Desde el inicio de la dictadura sabemos que madre no hay una sola, que las Madres transformaron el dolor por la pérdida de sus hijos militantes en una lucha colectiva, que entre Madres y Plaza hay una relación de amor inquebrantable, porque allí las historias trascienden las vidas personales para evolucionar hacia una patria común. Y porque las plazas llenas son la condición de posibilidad para cambiar el estado de cosas que nos tiene reservado el destino. Las Madres enseñaron que hay patria cuando existe coraje, capacidad para retomar las luchas que vienen desde el fondo de nuestra historia y que luchar siempre vale la pena.
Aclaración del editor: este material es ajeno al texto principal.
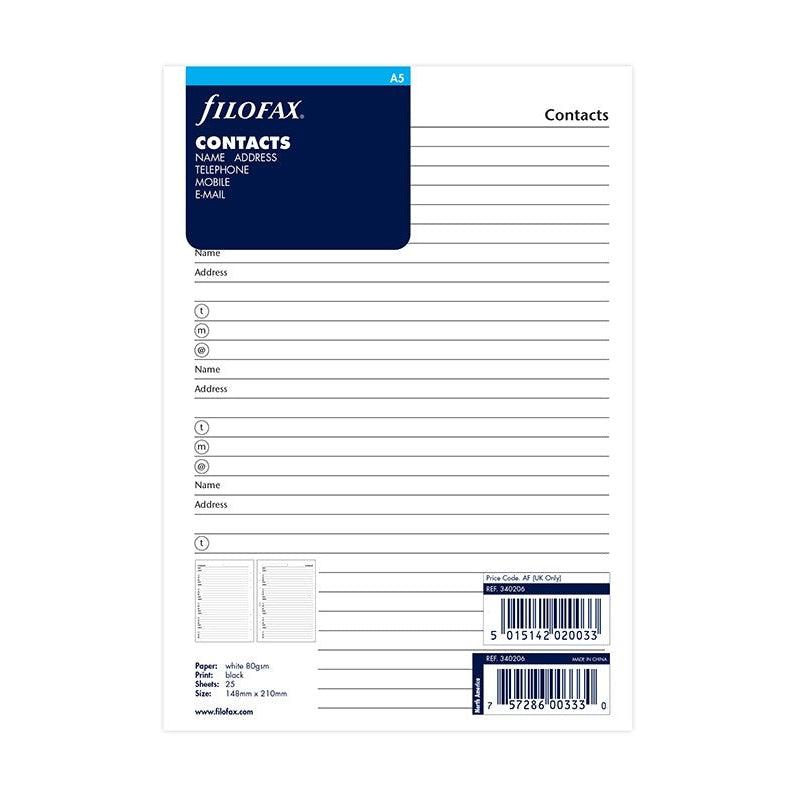 FFX Recharge A5 Nom/Adresse/Tel/Fax GB-Recharge-Filofax-Papeterie du Dôme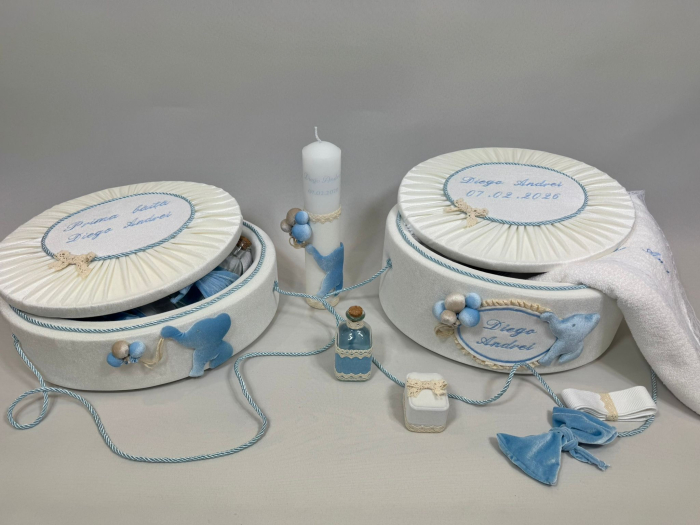 Set trusou botez la cufar din catifea si lumanare+ Set prima baita Luxury [7]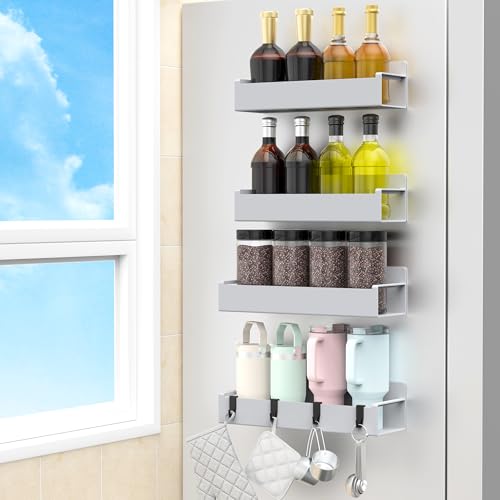 HuggieGems 4 Pack Silver Magnetic Spice Rack Organizer for Refrigerator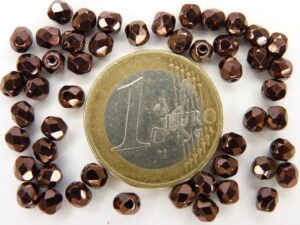 0080560 Jet met Lila bronze facet, 4 mm.-0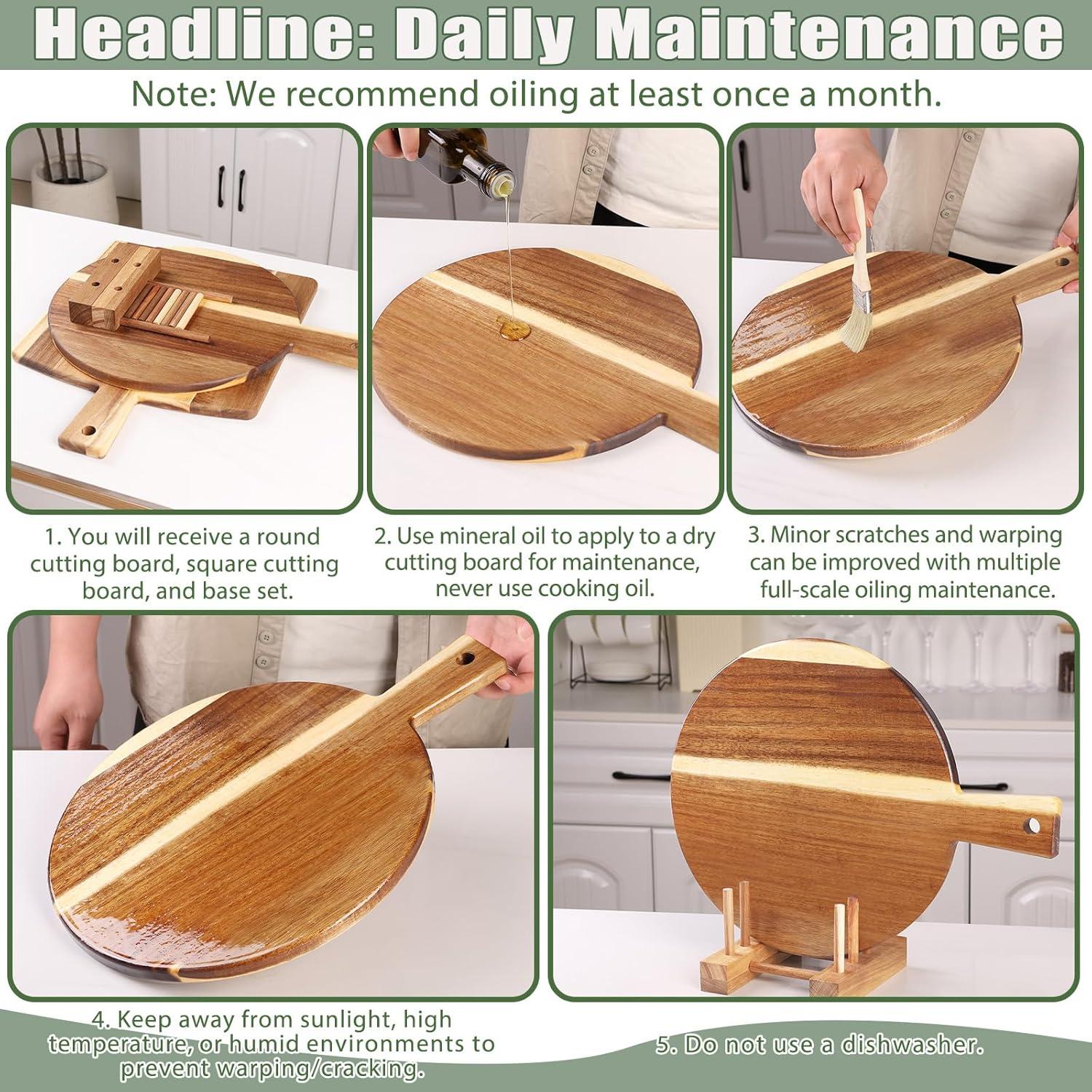 Juego de 2 Tablas de Cortar de Madera Acacia BIEOFFEI 40.6x30.5cm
Entre las Madres, la voz de Hebe pasó a ser parte de nuestras voces. Habló siempre sin vueltas, con un estilo desprejuiciado y directo, una retórica vibrante desprovista del cálculo político y la especulación ventajera. Tuvo la claridad conceptual y la consciencia histórica de estar posicionada siempre en la trinchera de los más, los humildes y los explotados mamando el bagaje de lo que había aprendido de sus hijos. Y la sensibilidad para hacerle un tajo profundo al lenguaje de la hipocresía, la corrección política y el “no se puede”, para decir las cosas que todos y todas sentíamos, pero que sólo llegamos a reconocer que también eran nuestras en el preciso instante que ella las decía. Y el coraje de decirlas en las circunstancias más adversas, cuando catorce mujeres comenzaron a marchar y el miedo y el terror nos tenían paralizados.